Geodesy: a sensor for hydrology
- IPGP, Geodesy, Paris, France (firstname.lastname@example.org)
Understanding how the Earth’s shape, gravity field and rotation change in response to shifting hydrological, atmospherical and oceanic mass loads at its surface has great potential for monitoring the evolving climate. Recent advances in the field, namely hydrogeodesy, have required hand-in-hand development and improvement of the observing techniques and of our understanding of the solid Earth-climate interactions.
In particular, measurement of the spatial and temporal variations of the Earth's gravity field by the GRACE and GRACE-Follow On satellite missions offer an unprecedented measurement of the evolution of water mass redistribution, at timescales ranging from months to decades. However, the use of GRACE and GRACE-FO data for hydrological applications presents two major difficulties. First, the mission design and data processing lead to measurement noise and errors that limit GRACE missions to large-scale applications and complicates geophysical interpretation. Moreover, temporal observational gaps, including the 11 month-long gap between missions, prevent the interpretation of long-term mass variations. Secondly, disentangling sources of signals from the solid Earth and continental hydrology is challenging and requires to develop methods benefiting from multiple geodetic techniques.
To reduce noise and enhance geophysical signals in the data, we develop a method based on a spectral analysis by Multiple Singular Spectrum Analysis (M-SSA) which, using the spatio-temporal correlations of the GRACE-GRACE-FO time series, can fill observational gaps and remove a significant portion of the distinctive noise pattern while maintaining the best possible spatial resolution.
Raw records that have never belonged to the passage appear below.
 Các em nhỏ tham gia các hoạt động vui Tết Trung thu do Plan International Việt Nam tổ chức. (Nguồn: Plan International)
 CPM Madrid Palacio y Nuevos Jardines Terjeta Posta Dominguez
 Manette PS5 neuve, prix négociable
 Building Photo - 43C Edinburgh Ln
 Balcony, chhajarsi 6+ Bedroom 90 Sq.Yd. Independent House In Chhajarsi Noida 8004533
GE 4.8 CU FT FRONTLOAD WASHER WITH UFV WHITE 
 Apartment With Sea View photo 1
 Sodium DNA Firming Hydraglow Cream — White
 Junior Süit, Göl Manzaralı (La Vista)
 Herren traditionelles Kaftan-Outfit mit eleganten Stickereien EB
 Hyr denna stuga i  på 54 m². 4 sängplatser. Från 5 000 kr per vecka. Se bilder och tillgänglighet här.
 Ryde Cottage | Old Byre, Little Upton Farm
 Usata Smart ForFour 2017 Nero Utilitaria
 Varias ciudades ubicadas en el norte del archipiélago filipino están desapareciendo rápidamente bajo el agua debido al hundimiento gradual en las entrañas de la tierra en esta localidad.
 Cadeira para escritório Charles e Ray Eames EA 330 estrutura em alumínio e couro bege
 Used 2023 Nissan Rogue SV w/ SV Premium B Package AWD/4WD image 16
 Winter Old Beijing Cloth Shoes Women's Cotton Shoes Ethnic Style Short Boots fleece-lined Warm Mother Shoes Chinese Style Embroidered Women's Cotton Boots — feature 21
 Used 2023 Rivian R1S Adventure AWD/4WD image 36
This processing reveals hydrological signals that are less well or not resolved by other processing strategies. We discuss regional hydrological mass balance, including lakes, aquifers and ice caps regions, derived from the GRACE-GRACE-FO M-SSA solution. Furthermore, we discuss methods to separate sources of gravity variations using additional in-situ hydrological data or geodetic measurements of the Earth’s deformation.